Japan cabinet minister visits controversial war shrine
Japanese cabinet minister Tomomi Inada speaks to reporters after she visited the controversial Yasukuni shrine in Tokyo, on April 28, 2014
Tomomi Inada's visit came as a picture emerged on social media purporting to show a man dressed as General Hideki Tojo, the prime minister who ordered the attack on Pearl Harbor, saluting at a weekend conference, sparking outrage online.
The visit by Inada, a state minister in charge of administrative reforms, comes less than a week after nearly 150 Japanese lawmakers paid homage at the site, which honours millions of the nation's war dead, including senior officials who were executed for war crimes.
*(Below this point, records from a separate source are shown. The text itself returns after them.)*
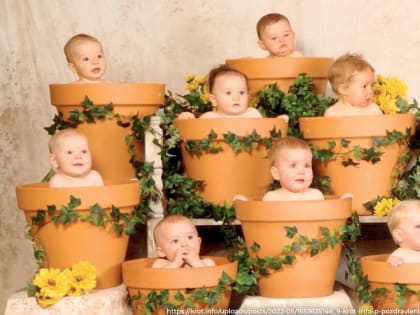 Во Владимирской области материнский капитал распространят на четвёртых и последующих родившихся детей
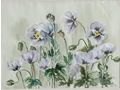 H121 Aquarell Blumenwiese - Gemlde & Zeichnungen - Bild 3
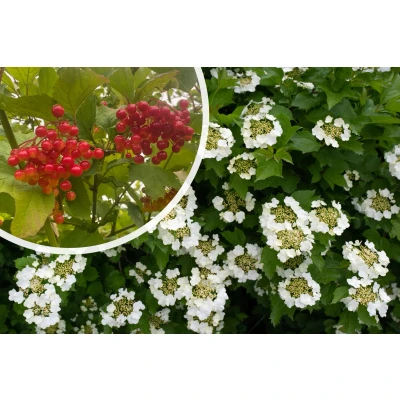 Afbeelding van Gelderse Roos Viburnum Opulus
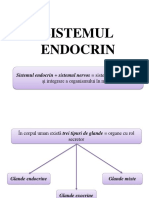 11 Sistemul Endocrin Prezentare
General Tojo was among those executed for war crimes and later honoured at the Yasukuni shrine.
Last week's mass pilgrimage by parliamentarians came on the eve of a visit by US President Barack Obama, whose administration has tried to discourage visits to Yasukuni, which it views as unnecessary provocation.
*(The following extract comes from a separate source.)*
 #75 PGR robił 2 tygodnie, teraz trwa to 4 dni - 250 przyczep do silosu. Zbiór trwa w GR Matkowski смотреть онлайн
China and South Korea see the shrine as a symbol of what they say is Japan's unwillingness to repent for its aggressive warring last century.
Troubled Canadian pop prince Justin Bieber was criticised last week after he posted a snap of himself at the shrine on his Instagram account.
The picture that surfaced on Twitter appeared to show a man dressed in period military garb saluting while standing on a campaign car for Abe's ruling Liberal Democratic Party (LDP) -- sparking a backlash online.
"Does this mean the LDP tolerates this?" @hatsunoji wrote.
Said online user @okchibita: "This is not even a bad joke. I cannot believe this was done by the ruling party."
The picture was believed to have been taken at a weekend conference organised by an Internet broadcaster, which Prime Minister Shinzo Abe -- whose own nationalistic views have annoyed Japan's neighbours -- had briefly attended earlier in the day.
The huge two-day event, attended by more than 120,000 people, had dozens of booths sponsored by a wide variety of organisations including political parties, gaming firms and the country's sumo association.
An LDP spokesman said he was unaware that the unidentified man was dressed to appear like Japan's wartime leader.
"If we had known that he meant to be dressed up like Tojo, we would have had second thoughts about letting him get up there," he told AFP.
A person claiming to be the man in the photo apologised on Twitter Monday and claimed he was simply dressed as a military policeman.
"There was the campaign car which people were allowed to climb on," wrote the person, identified as @vice0079. "I was guided by LDP staff."